§ **Exercise directions**: Would you copy the entries that follow exactly, leaving out every picture?
Segment Start: Data records
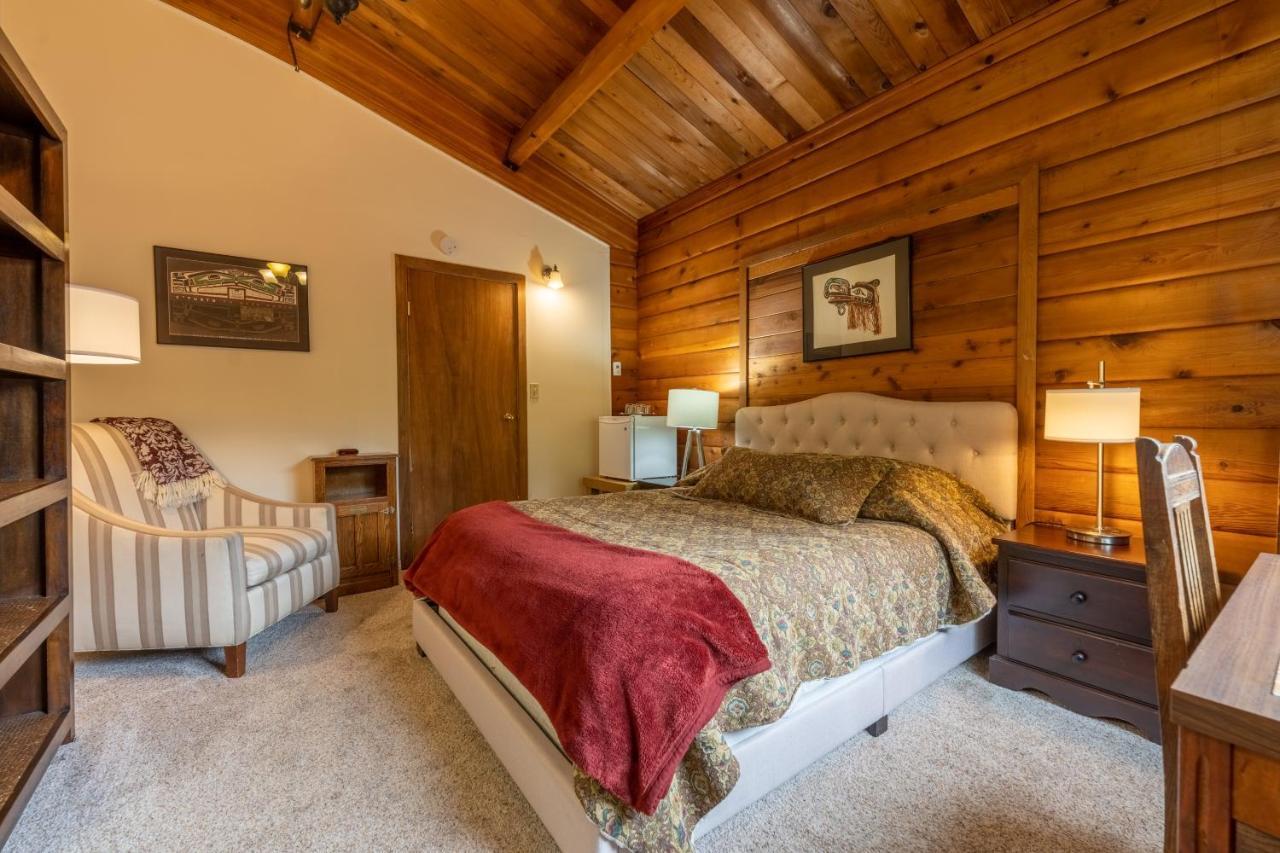 Alert Bay Lodge Luaran gambar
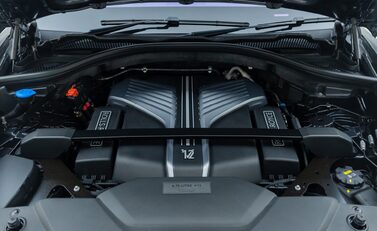 Rolls-Royce Cullinan BLACK BADGE 38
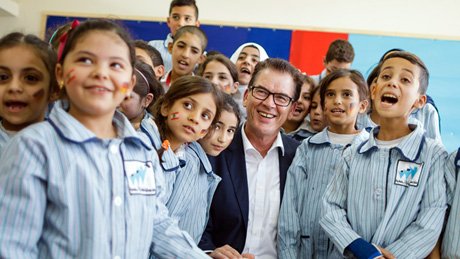 Bundesminister Gerd Müller beim Besuch einer Schule im Libanon im Oktober 2016
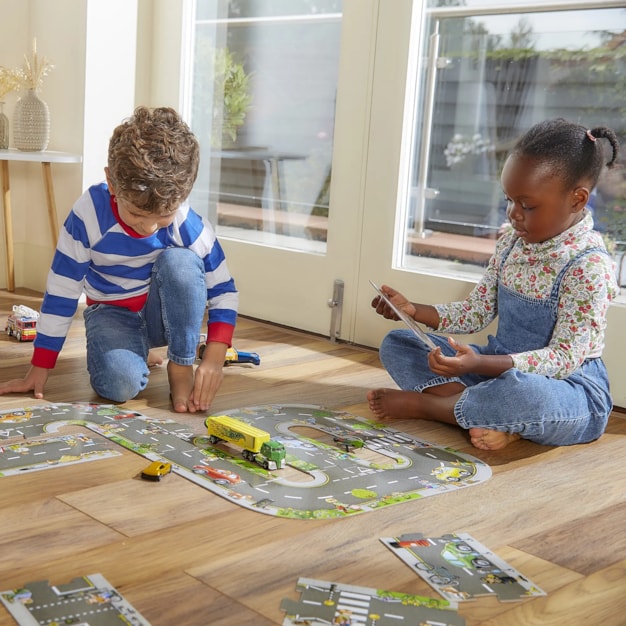 Giant Road Jigsaw Puzzle Giant Road Jigsaw Puzzle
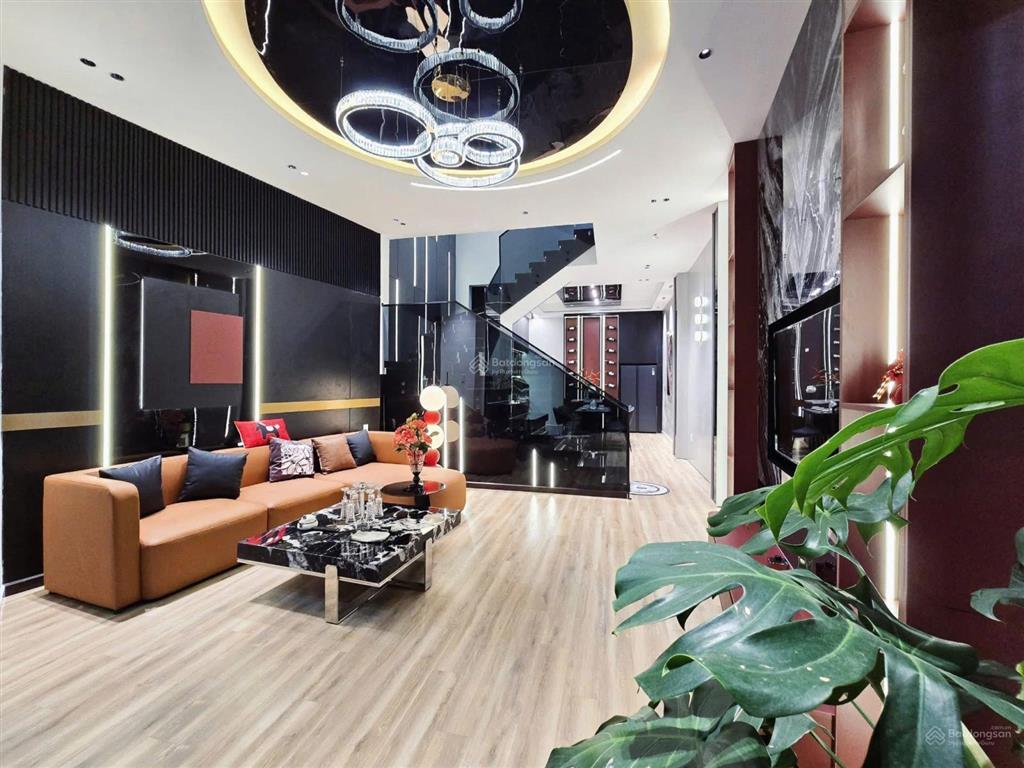Nhà 3 tầng mt châu thượng văn  hải châu , full nội thất luxury giá chỉ 8tỷ650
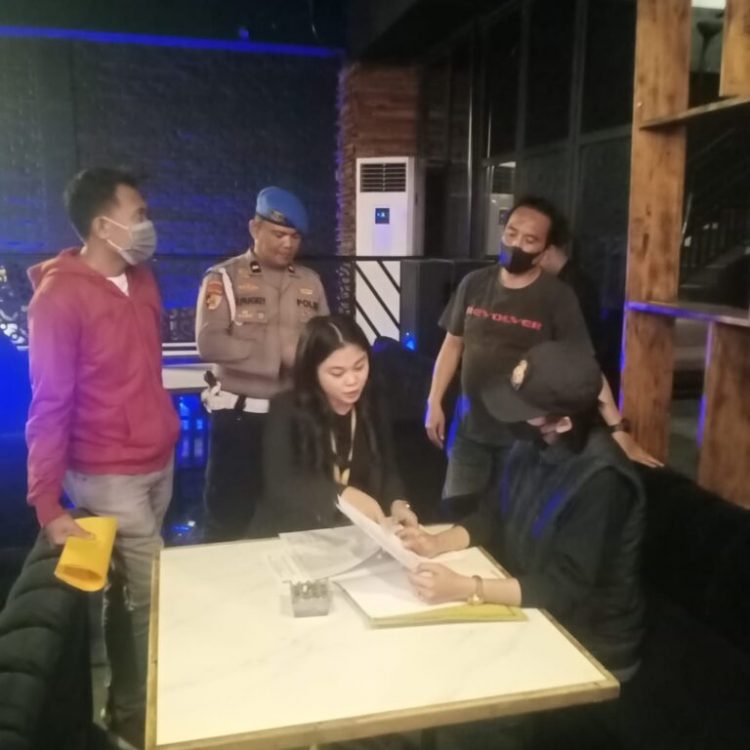 Satuan Narkoba Polresta Manado melakukan razia narkoba di cafe dan tempat hiburan malam di wilayah hukum Polresta Manado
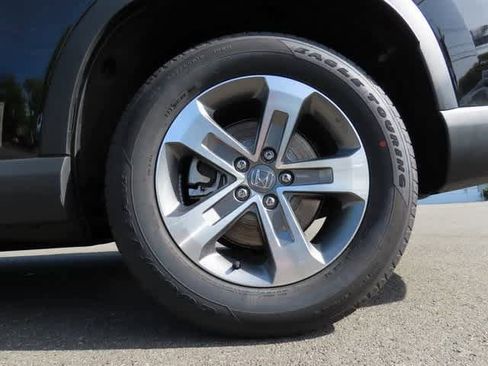 New 2025 Honda Pilot EX-L image 8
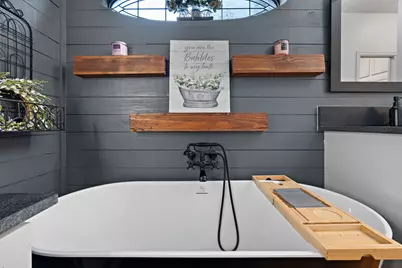 1206 Sierra Vista Drive, Granbury, TX 76048 - Photo 22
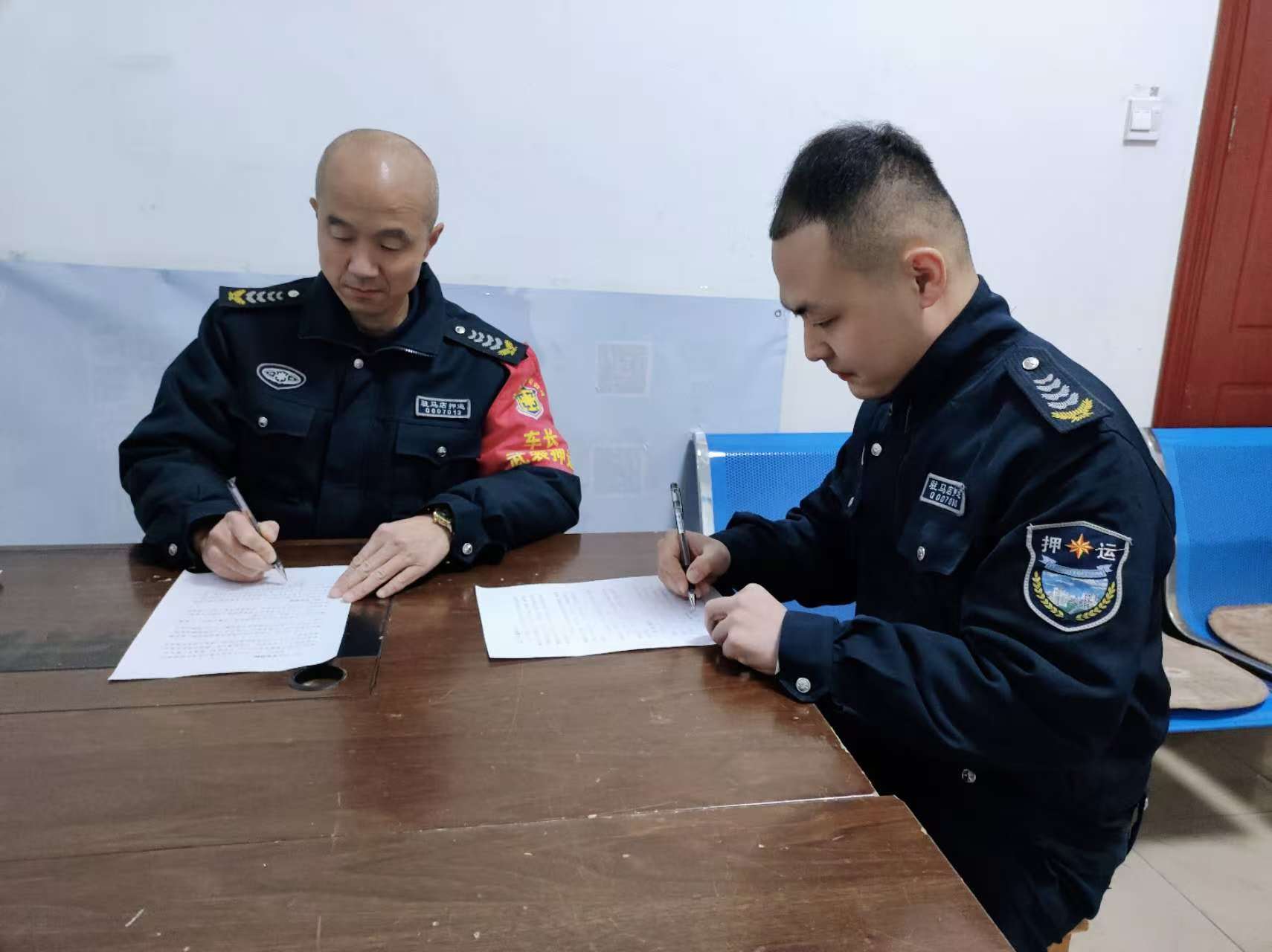 1734598083909518.jpg 1734598083909518.jpg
Segment End: Data records
§ **Exercise answer**:
 Alert Bay Lodge Luaran gambar
 Rolls-Royce Cullinan BLACK BADGE 38
 Bundesminister Gerd Müller beim Besuch einer Schule im Libanon im Oktober 2016
 Giant Road Jigsaw Puzzle Giant Road Jigsaw Puzzle
Nhà 3 tầng mt châu thượng văn  hải châu , full nội thất luxury giá chỉ 8tỷ650
 Satuan Narkoba Polresta Manado melakukan razia narkoba di cafe dan tempat hiburan malam di wilayah hukum Polresta Manado
 New 2025 Honda Pilot EX-L image 8
 1206 Sierra Vista Drive, Granbury, TX 76048 - Photo 22
 1734598083909518.jpg 1734598083909518.jpg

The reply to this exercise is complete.